Wenn die Steigung der Budgetlinie größer ist als die Steigung der Indifferenzkurven, würde B auf einer höheren Indifferenzkurve als L liegen und der Verbraucher kauft nur Y. Wenn die Steigung der Budgetlinie kleiner ist als die Steigung der Indifferenzkurven, L würde auf einer höheren Indifferenzkurve liegen als B und der Verbraucher würde nur X kaufen.

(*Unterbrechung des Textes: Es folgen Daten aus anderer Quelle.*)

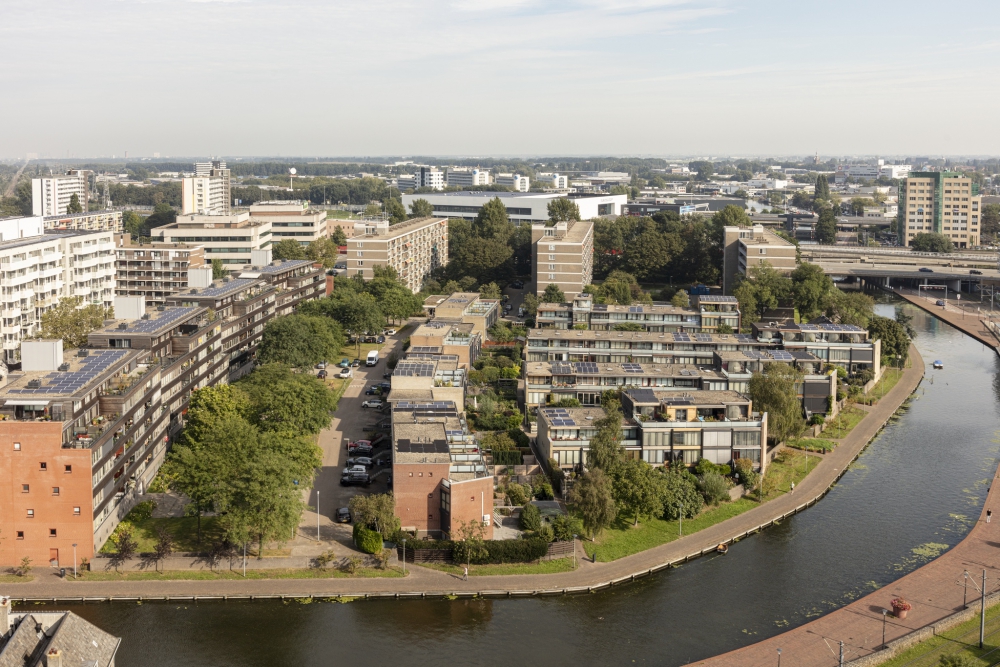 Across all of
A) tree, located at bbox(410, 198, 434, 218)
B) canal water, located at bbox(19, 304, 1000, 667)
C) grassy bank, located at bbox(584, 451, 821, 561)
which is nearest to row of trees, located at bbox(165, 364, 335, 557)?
canal water, located at bbox(19, 304, 1000, 667)

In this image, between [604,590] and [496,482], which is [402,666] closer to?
[604,590]

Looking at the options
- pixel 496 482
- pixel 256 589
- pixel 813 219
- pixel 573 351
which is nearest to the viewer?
pixel 256 589

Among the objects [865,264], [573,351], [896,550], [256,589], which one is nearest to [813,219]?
[865,264]

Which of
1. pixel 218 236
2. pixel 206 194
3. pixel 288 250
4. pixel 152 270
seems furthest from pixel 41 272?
pixel 206 194

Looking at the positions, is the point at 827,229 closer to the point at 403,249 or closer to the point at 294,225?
the point at 403,249

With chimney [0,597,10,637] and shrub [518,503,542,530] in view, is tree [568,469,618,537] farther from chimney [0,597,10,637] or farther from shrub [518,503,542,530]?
chimney [0,597,10,637]

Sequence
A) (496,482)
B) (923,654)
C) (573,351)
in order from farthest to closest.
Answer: (573,351), (496,482), (923,654) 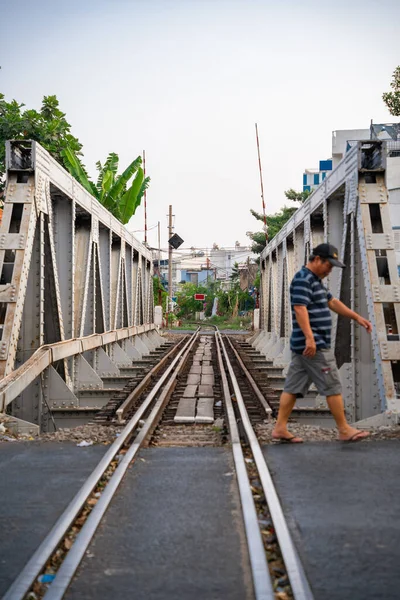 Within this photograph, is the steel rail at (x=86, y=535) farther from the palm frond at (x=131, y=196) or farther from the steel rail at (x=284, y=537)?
the palm frond at (x=131, y=196)

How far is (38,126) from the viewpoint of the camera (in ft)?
66.9

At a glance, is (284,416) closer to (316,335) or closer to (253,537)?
(316,335)

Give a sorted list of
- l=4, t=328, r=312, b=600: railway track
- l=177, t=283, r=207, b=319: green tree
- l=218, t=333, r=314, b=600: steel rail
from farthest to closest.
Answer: l=177, t=283, r=207, b=319: green tree, l=4, t=328, r=312, b=600: railway track, l=218, t=333, r=314, b=600: steel rail

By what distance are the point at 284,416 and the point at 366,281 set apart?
2314 mm

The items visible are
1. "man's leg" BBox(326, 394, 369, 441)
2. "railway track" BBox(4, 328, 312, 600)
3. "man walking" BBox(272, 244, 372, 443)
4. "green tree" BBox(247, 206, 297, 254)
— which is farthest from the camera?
"green tree" BBox(247, 206, 297, 254)

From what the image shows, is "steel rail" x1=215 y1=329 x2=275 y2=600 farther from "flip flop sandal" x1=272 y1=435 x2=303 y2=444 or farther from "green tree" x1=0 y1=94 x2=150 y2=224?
"green tree" x1=0 y1=94 x2=150 y2=224

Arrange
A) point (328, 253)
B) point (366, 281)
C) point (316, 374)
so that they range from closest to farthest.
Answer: point (328, 253) < point (316, 374) < point (366, 281)

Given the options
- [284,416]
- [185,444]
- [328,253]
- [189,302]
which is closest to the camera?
[328,253]

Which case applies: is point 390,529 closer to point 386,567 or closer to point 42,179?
point 386,567

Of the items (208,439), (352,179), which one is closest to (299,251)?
(352,179)

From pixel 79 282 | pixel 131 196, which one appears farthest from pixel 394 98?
pixel 79 282

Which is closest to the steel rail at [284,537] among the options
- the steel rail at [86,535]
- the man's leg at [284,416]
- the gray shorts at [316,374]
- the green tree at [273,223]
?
the man's leg at [284,416]

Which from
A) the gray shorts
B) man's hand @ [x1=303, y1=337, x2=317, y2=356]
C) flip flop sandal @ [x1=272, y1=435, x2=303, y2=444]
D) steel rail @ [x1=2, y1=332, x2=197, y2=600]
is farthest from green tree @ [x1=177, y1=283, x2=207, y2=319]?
steel rail @ [x1=2, y1=332, x2=197, y2=600]

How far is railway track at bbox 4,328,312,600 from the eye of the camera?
2.95 meters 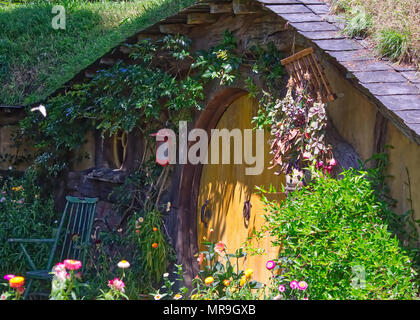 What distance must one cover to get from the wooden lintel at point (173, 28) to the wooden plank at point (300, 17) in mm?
1770

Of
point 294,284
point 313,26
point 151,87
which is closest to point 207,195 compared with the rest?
point 151,87

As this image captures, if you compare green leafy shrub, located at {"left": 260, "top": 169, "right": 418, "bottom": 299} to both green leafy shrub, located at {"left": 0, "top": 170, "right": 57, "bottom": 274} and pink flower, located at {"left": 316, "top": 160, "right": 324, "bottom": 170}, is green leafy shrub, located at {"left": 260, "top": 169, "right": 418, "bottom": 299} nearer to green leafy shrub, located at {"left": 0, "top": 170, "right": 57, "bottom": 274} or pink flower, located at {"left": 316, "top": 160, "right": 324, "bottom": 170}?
pink flower, located at {"left": 316, "top": 160, "right": 324, "bottom": 170}

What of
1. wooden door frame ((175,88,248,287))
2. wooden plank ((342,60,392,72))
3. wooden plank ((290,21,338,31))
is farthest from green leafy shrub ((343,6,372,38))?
wooden door frame ((175,88,248,287))

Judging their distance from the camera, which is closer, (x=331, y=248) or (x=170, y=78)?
(x=331, y=248)

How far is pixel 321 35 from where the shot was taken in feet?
13.6

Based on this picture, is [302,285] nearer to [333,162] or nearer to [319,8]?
[333,162]

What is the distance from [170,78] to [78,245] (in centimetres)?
196

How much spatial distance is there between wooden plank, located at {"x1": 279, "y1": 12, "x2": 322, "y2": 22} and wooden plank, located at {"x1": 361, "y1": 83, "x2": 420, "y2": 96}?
0.92 meters

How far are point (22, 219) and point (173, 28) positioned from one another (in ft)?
10.2

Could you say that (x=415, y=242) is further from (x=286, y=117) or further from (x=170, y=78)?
(x=170, y=78)

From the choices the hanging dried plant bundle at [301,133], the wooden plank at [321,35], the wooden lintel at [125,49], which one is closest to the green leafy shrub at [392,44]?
the wooden plank at [321,35]

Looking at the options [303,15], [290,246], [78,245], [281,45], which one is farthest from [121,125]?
[290,246]

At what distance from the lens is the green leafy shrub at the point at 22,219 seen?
23.0 ft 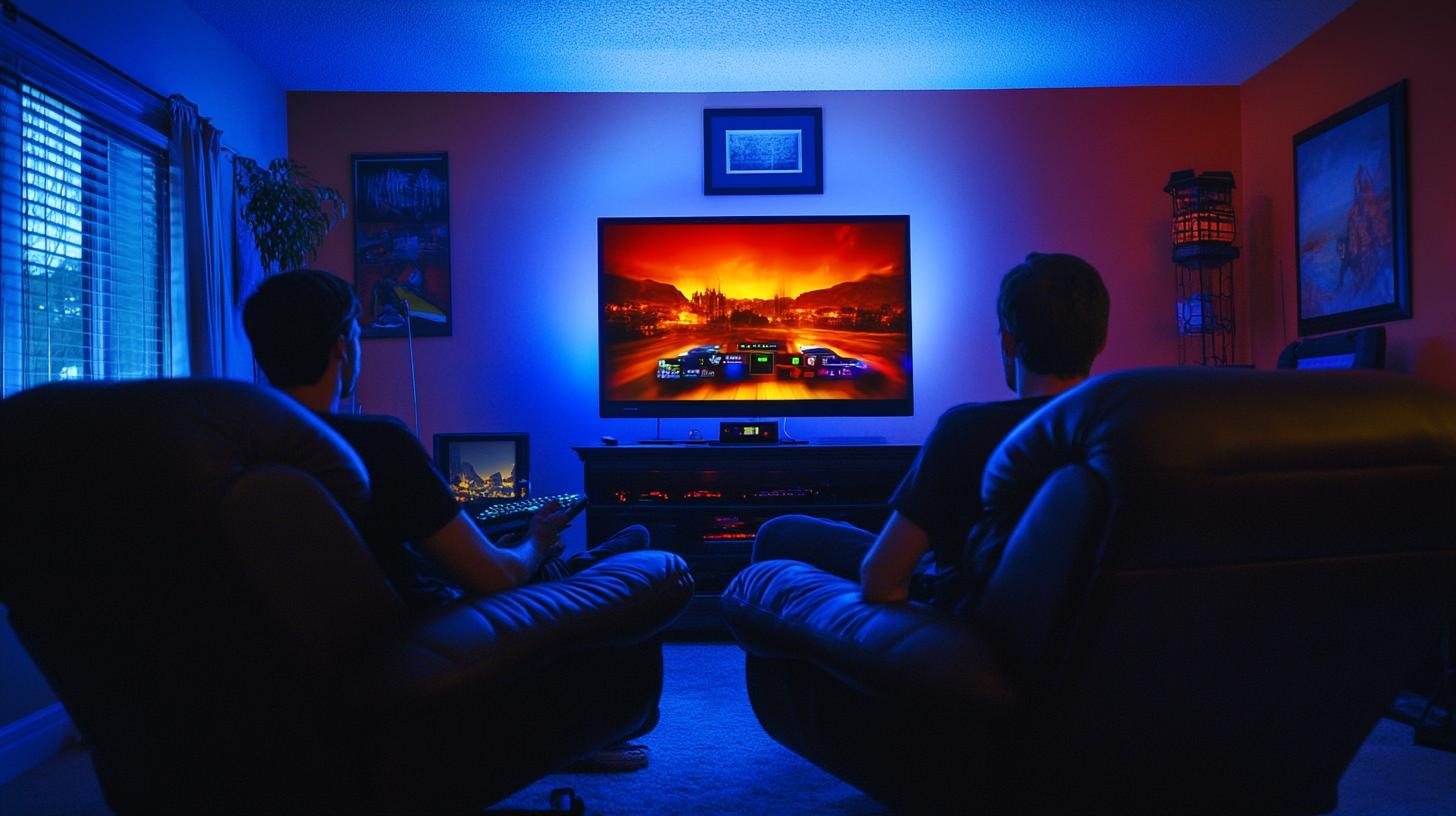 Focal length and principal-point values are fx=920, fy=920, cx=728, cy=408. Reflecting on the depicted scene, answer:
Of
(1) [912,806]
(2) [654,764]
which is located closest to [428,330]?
(2) [654,764]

Es ist zu beachten, dass auch in diesen Fällen der Verbraucher zu keinem Zeitpunkt zwischen B und L auf der Preislinie im Gleichgewicht ist, da im Fall von Abbildung 8.25 aller Punkte auf der gegebenen Budgetlinie der Extrempunkt B auf dem liegen würde höchstmögliche Indifferenzkurve und im Fall von Abbildung 8.26 aller Punkte der Haushaltslinie würde der Extrempunkt L auf der höchstmöglichen Indifferenzkurve liegen. Es zeigt sich also, dass der Verbraucher auch bei perfekten Ersatzprodukten einer Monomanie erliegt.

Ein weiterer nicht normaler Fall ist die perfekte Ergänzung von Gütern (siehe Abbildung 8.27). Indifferenzkurven perfekter Komplementärgüter haben eine rechtwinklige Form. In einem solchen Fall wird das Gleichgewicht des Verbrauchers an der Ecke Abb.8.27 bestimmt.

Bei perfekten Ergänzungen ist der Gleichgewichtspunkt der Indifferenzkurve IC 2, die eine Indifferenzkurve ist, die gerade die Budgetlinie BL am Punkt C berührt, die höchstmögliche Indifferenzkurve, zu der der Verbraucher gehen kann. In Abbildung 8.27 befindet sich der Verbraucher bei gegebener Budgetlinie BL im Gleichgewicht am Punkt Kon indifferenzkurve IC 2 und verbraucht OM von X und ON von Y.